» WHAT YOU NEED TO DO: Before copying, find the line below that contains "Đại hội XIV"; then return it and all later lines exactly, up to and including the final line, with no pictures.

(Captioned web image data)

--- START ---

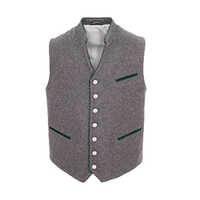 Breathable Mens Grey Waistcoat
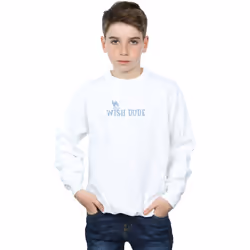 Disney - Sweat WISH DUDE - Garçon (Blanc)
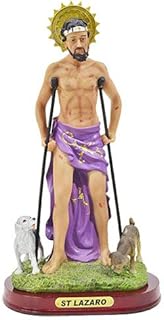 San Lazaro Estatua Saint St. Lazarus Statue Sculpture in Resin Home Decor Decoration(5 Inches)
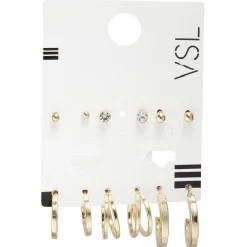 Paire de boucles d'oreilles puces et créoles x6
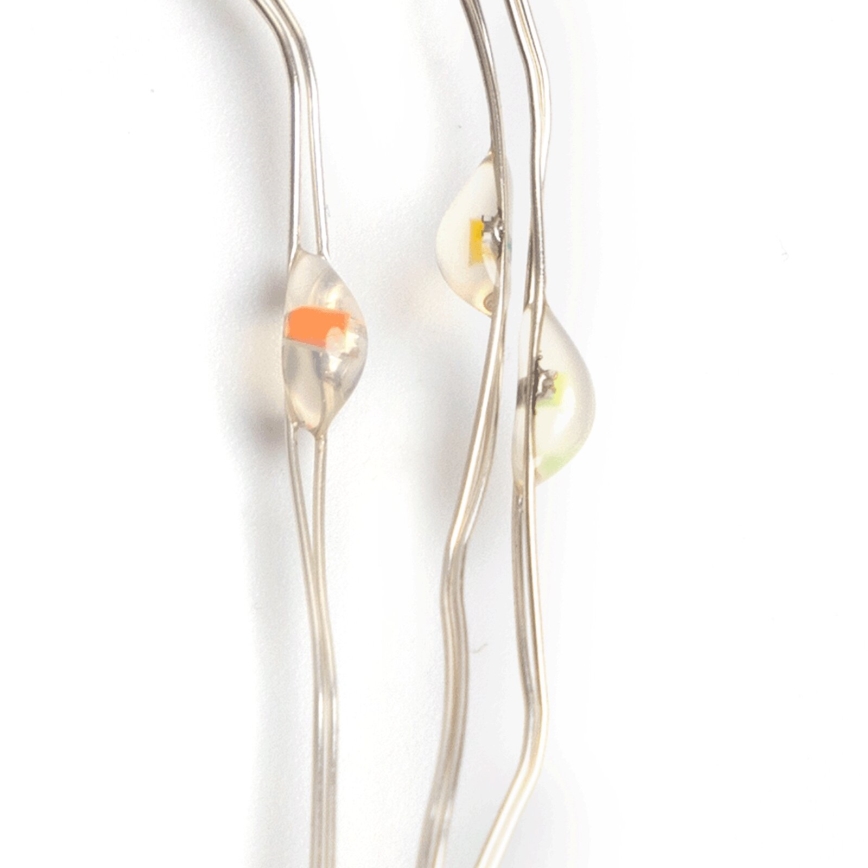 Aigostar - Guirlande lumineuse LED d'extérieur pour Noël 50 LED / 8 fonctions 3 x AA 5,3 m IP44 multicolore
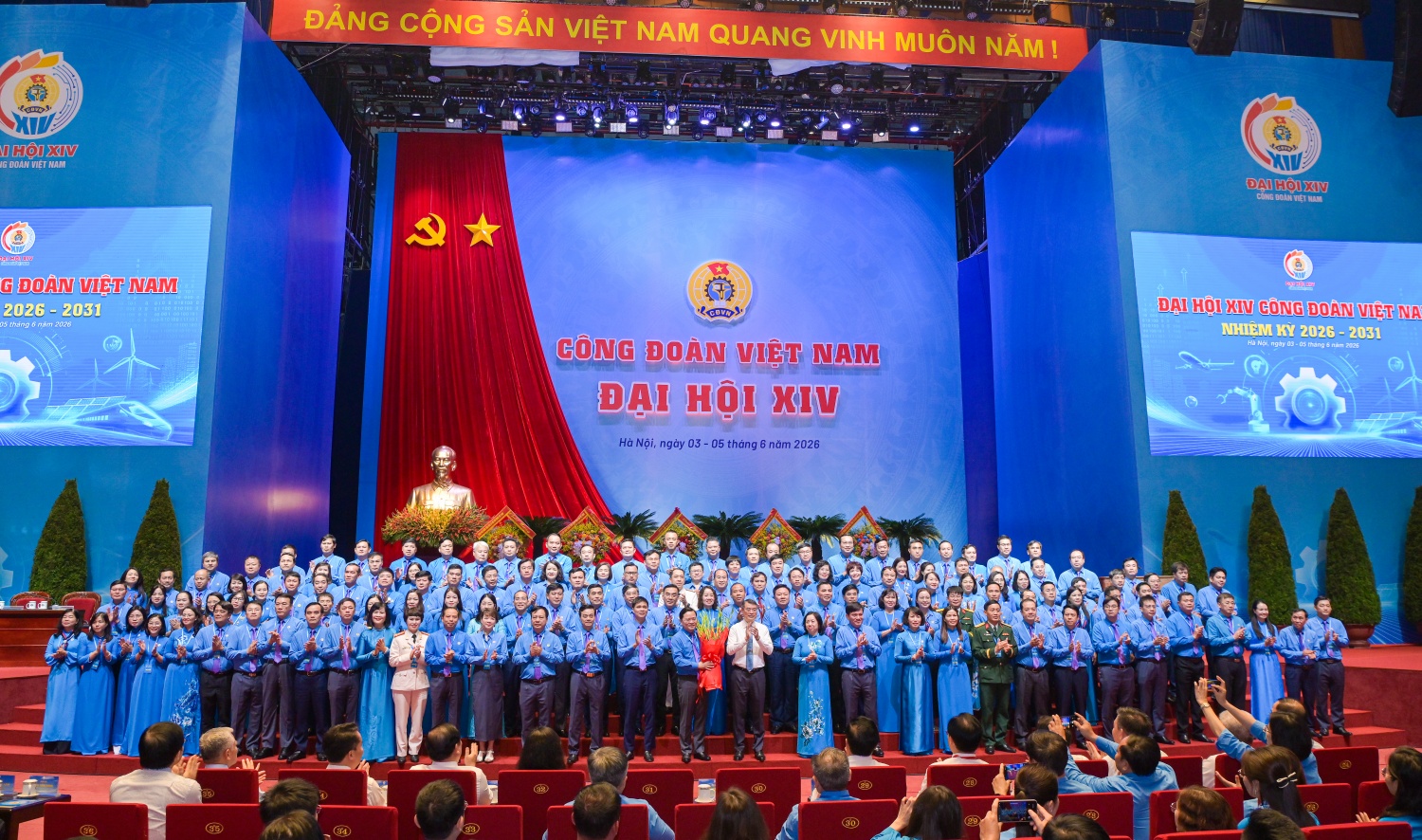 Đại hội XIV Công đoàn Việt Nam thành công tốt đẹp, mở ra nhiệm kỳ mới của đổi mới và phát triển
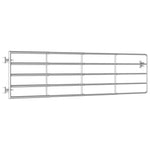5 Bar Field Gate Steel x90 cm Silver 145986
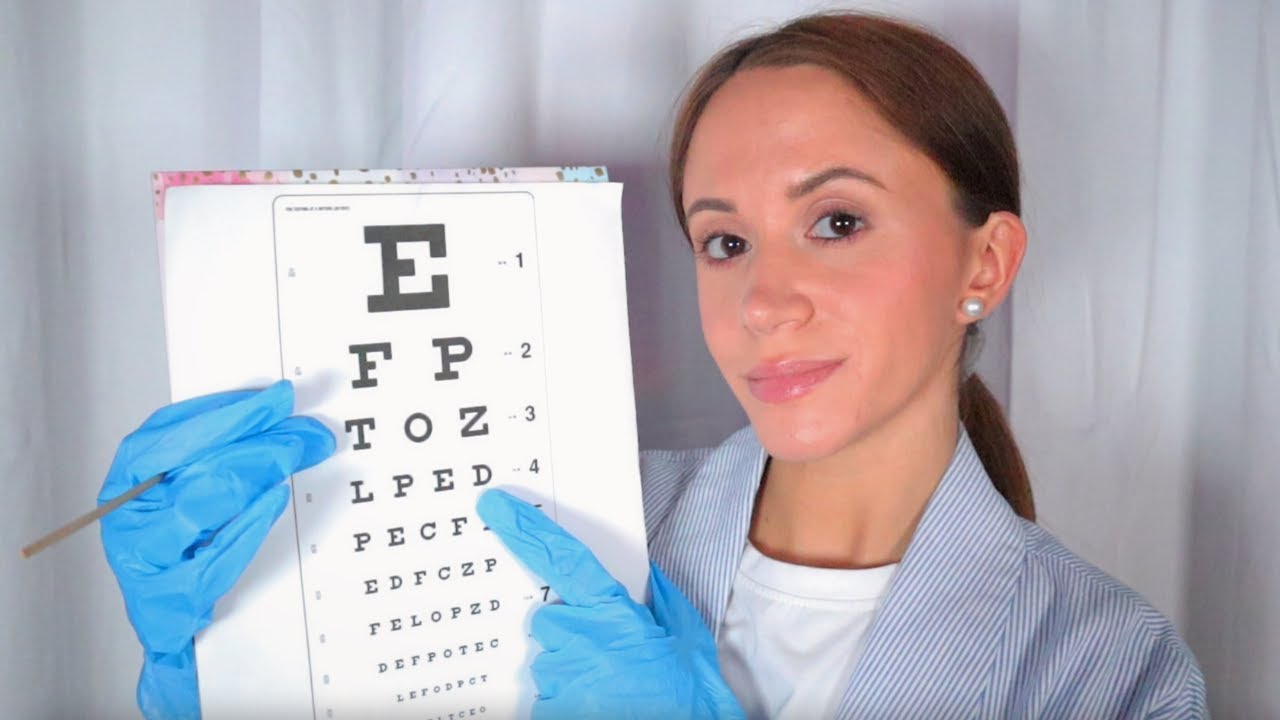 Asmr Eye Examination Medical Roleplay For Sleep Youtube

--- END ---

» SOLUTION:
 Đại hội XIV Công đoàn Việt Nam thành công tốt đẹp, mở ra nhiệm kỳ mới của đổi mới và phát triển
5 Bar Field Gate Steel x90 cm Silver 145986
 Asmr Eye Examination Medical Roleplay For Sleep Youtube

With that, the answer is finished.